Robert Cramer, who won Huckabee's endorsement earlier this year in his failed candidacy for the U.S. House in Iowa's 3rd District, is among the evangelical leaders from the state who are booked on the trip.

"He'll want to know how do we see things on the ground, and we'll want to know from him, what's your economic plan and what's your plan for dealing with these foreign crises going on," Cramer said. "Having been a governor is a real asset in running for president.

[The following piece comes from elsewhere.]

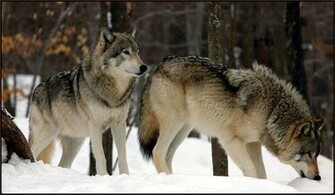 Wolfpack Wallpaper HD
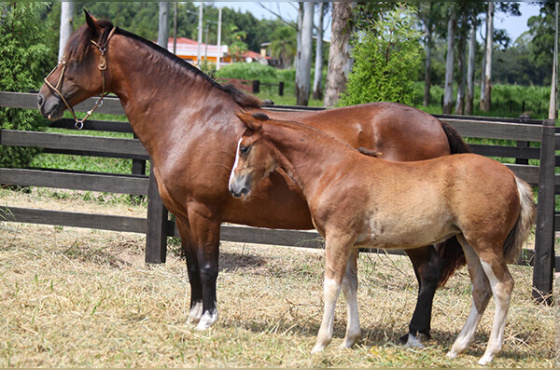 BALADA DOS CASTANHEIROS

And I think he has broadened his base by being on Fox, so I'd have to say he hits the ground in first place."

If Huckabee does run, it is nearly impossible to imagine a path to the Republican nomination that does not include another victory in the Iowa caucuses.

This time, however, the expectations for him to succeed will be far higher than they were in 2008.

It's a concern that Huckabee's political team is working to address as they prepare in earnest for a potential bid.

The intensity of their early planning, they all say, is like night and day compared to the more halfhearted approach that they took before the 2012 cycle, when Huckabee never really set the gears in motion.

Their work is largely being funded by a group Huckabee launched recently called America Takes Action (ATA)--a 501(c)(4) "social welfare" organization that is not required by law to disclose its donors.

Helming the ATA ship is a quartet of political operatives who are more or less reprising the roles they played during Huckabee's 2008 run for president.

The non-Arkansans of the group are California-based Bob Wickers and Chip Saltsman, who lives in Nashville.

Back in Little Rock are Sarah Huckabee Sanders, who was her father's national political director in 2008, and Alice Stewart, who handles press.

The foursome holds conference calls at least once a week, in which they discuss Huckabee's messaging, scheduling and fundraising.

Joining them in these virtual meetings is Chad Gallagher, another longtime Huckabee confidant, who now directs Huck PAC--the political action committee that endorses and steers financial support to candidates running in this year's midterms.

Saltsman, Stewart and Gallagher all traveled with Huckabee on his most recent Iowa swing--his fifth such sojourn there since the 2012 election.

Huckabee's strategists have drawn up a blueprint for the prospective candidate to consider, which lays out a specific timeline, including when he will have to make decisions about whether to jump into the race and a benchmark list of "things that have to happen" should he get in.

These efforts in and of themselves mark a significant change in approach from four years ago, but the biggest difference between Huckabee's mentality now compared to then, all of his advisers agree, has been his renewed commitment to wooing major donors.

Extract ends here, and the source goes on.